> _Your assignment_:
Below are the records; give again exactly the line with "Avery Alphabet Coding", the line with "Personalised Pearl Anniversary", and each line that lies between them, and nothing besides.

___ Given information

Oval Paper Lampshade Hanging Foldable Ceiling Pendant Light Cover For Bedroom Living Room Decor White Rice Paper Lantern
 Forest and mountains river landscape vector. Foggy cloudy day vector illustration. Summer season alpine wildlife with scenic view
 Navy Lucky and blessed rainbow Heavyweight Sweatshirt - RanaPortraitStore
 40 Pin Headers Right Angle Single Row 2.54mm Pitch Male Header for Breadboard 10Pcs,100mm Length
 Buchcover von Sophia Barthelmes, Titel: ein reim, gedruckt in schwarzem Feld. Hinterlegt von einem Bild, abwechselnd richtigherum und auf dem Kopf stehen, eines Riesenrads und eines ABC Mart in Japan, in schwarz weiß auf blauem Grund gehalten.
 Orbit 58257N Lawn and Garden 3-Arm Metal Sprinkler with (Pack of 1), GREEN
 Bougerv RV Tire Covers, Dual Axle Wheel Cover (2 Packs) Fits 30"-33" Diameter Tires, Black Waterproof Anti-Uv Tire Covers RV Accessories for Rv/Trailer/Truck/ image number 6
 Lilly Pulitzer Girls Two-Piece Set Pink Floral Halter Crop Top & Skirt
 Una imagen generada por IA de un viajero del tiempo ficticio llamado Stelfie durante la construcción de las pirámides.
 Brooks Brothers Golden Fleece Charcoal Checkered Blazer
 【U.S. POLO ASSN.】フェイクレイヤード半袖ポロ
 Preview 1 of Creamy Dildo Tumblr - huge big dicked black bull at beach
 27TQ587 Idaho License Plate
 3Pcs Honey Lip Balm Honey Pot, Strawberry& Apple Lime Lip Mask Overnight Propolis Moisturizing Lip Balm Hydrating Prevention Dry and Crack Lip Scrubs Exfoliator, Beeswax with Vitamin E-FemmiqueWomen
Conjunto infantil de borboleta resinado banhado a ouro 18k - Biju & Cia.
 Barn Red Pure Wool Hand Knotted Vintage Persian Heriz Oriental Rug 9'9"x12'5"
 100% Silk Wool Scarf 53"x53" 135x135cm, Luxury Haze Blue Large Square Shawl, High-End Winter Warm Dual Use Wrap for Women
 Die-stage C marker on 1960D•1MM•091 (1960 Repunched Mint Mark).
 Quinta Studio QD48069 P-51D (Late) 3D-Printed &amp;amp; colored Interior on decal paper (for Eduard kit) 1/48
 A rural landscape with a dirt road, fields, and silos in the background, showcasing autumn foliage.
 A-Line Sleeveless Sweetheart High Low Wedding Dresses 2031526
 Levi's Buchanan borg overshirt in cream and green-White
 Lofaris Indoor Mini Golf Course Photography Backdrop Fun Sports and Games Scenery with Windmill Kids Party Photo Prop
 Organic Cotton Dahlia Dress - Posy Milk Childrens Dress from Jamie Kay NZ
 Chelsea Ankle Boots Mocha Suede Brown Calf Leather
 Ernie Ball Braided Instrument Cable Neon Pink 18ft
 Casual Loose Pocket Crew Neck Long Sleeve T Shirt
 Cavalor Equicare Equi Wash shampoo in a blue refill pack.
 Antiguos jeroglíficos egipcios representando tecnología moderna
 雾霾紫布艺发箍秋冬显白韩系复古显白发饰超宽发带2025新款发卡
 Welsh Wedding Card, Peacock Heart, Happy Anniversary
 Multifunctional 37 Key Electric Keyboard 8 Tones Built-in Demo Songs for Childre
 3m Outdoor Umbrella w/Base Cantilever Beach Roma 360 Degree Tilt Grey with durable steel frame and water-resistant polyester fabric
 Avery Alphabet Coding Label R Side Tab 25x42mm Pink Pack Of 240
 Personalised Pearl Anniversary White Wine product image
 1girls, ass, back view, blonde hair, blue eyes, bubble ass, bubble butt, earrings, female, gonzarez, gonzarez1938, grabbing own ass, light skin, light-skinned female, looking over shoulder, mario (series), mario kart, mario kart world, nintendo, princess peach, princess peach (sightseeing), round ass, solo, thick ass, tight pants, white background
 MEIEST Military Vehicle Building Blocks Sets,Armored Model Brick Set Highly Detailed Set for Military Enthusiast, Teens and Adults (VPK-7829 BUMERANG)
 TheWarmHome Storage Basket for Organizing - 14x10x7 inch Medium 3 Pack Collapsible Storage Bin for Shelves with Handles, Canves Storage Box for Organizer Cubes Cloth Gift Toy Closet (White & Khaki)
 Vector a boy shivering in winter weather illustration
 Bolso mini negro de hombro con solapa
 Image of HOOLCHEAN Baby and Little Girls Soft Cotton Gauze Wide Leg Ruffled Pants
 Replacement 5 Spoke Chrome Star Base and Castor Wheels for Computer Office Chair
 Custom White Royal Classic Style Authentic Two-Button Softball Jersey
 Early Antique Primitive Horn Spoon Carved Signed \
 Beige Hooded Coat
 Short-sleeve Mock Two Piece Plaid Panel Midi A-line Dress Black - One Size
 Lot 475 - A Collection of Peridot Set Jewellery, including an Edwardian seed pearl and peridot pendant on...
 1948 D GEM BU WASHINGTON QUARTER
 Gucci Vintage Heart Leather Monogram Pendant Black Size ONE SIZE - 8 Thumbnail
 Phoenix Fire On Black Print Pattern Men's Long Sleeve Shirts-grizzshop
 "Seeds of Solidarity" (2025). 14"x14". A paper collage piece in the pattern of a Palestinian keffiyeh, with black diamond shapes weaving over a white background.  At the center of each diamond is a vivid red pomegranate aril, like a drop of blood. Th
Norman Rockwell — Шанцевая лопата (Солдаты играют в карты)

______

> _Task response_:
 Avery Alphabet Coding Label R Side Tab 25x42mm Pink Pack Of 240
 Personalised Pearl Anniversary White Wine product image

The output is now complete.